With the Sochi Olympics due to start in a month, Russian President Vladimir Putin has issued a decree saying that protests during the Games will be permitted once cleared by authorities, an easing of a more restrictive order governing demonstrations issued in August 2013.
The BBC quotes a presidential spokesperson as saying that municipal, regional and federal authorities must sign off on any public gatherings or protests before they can take place. The number of people allowed to participate in protests will also be restricted, France24 says, adding that an area will be designated for such activities.
Thomas Bach, president of the International Olympic Committee (IOC), says the Games body welcomes the announcement, the Los Angeles Times reports.
Last year, Russian government newspaper Rossiyskaya Gazeta published a decree signed by Putin that prohibited “gatherings, rallies, demonstrations, marches and pickets” that are not part of the Sochi Olympics and Paralympics, from Jan 7 to March 21. That decree came in the wake of indications that athletes were willing to use the forum of athletic competitions to take a stand against Russia's anti-gay laws. Both American middle distance runner Nick Symmonds and Swedish high jumper Emma Green Tregaro leveraged the spotlight on the World Athletics Championships held in Russia last year to do just that.

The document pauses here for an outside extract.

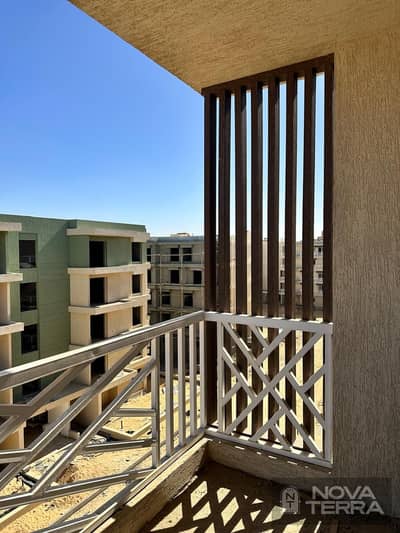 Apartment for sale in Green 6 Compound, 150 sq m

Around the same time, the IOC said it would penalize athletes who make political statements at the Sochi Games, citing Rule 50 of its charter that says such demonstrations are not permitted in any Olympic sites, venues or other areas. Violations of the rule could lead to “disqualification or withdrawal of the accreditation of the person concerned.”
More recently, Bach reiterated the Olympic body's stance that athletes should not court controversy at the Games by participating in protests or making political statements.
In the last few weeks, Russian authorities have released members of the Pussy Riot band, businessman Mikhail Khodorkovsky and Greenpeace activists in what many observers see as a bid by Putin to offset ongoing criticism about the country's deteriorating civil liberties.